# Task description:
Exact copies of the lines from the one holding "Jettanicolay March 12, 2026" through the last line of the entries below are to be printed, with pictures omitted.

━━━━━ Data to use

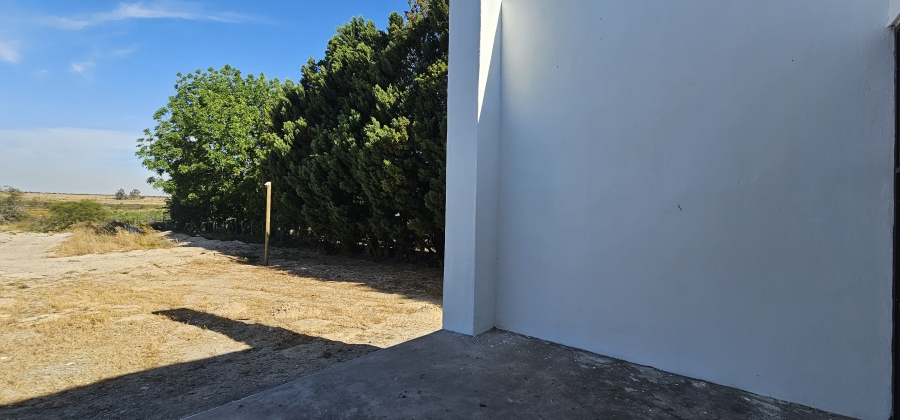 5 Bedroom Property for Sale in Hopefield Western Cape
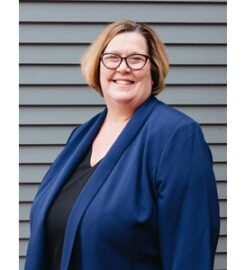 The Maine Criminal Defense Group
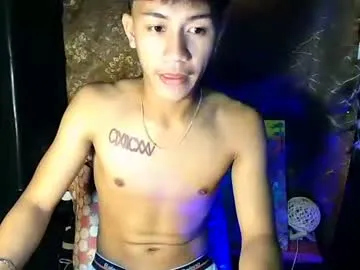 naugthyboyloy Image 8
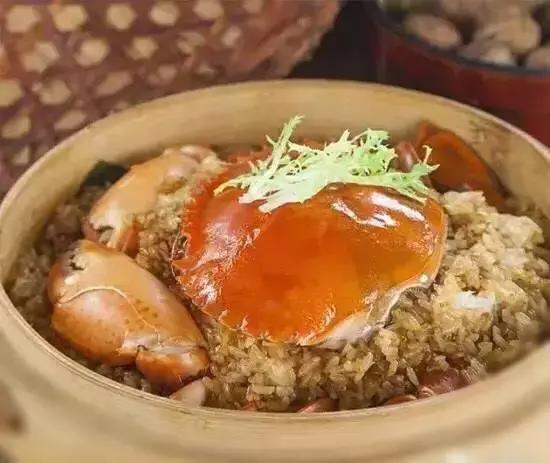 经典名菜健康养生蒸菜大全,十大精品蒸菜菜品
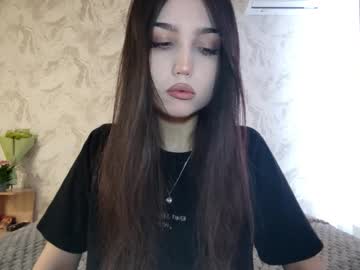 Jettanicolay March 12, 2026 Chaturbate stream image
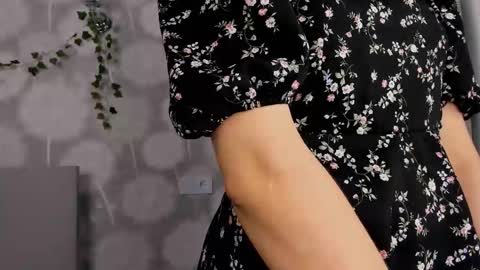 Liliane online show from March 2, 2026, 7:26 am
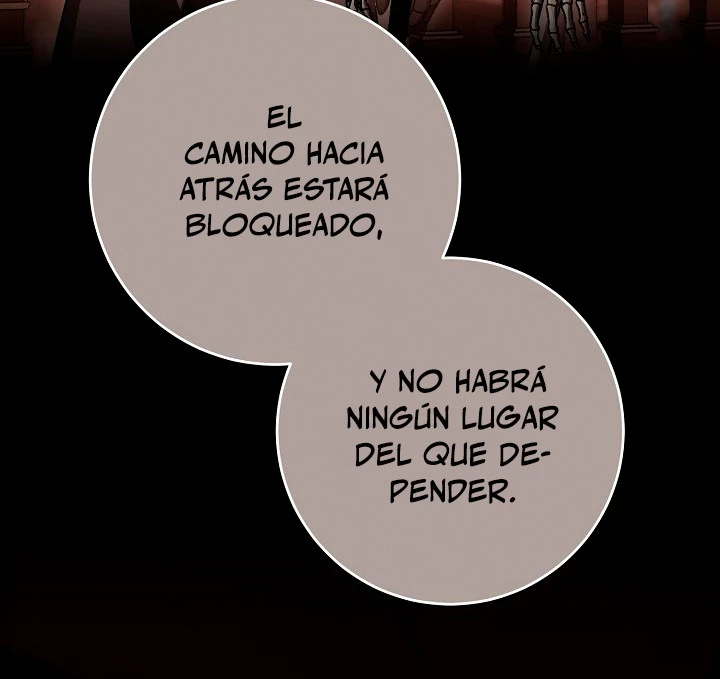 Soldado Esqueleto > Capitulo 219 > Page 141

━━━━━━━━━━

# Exercise result:
 Jettanicolay March 12, 2026 Chaturbate stream image
 Liliane online show from March 2, 2026, 7:26 am
 Soldado Esqueleto > Capitulo 219 > Page 141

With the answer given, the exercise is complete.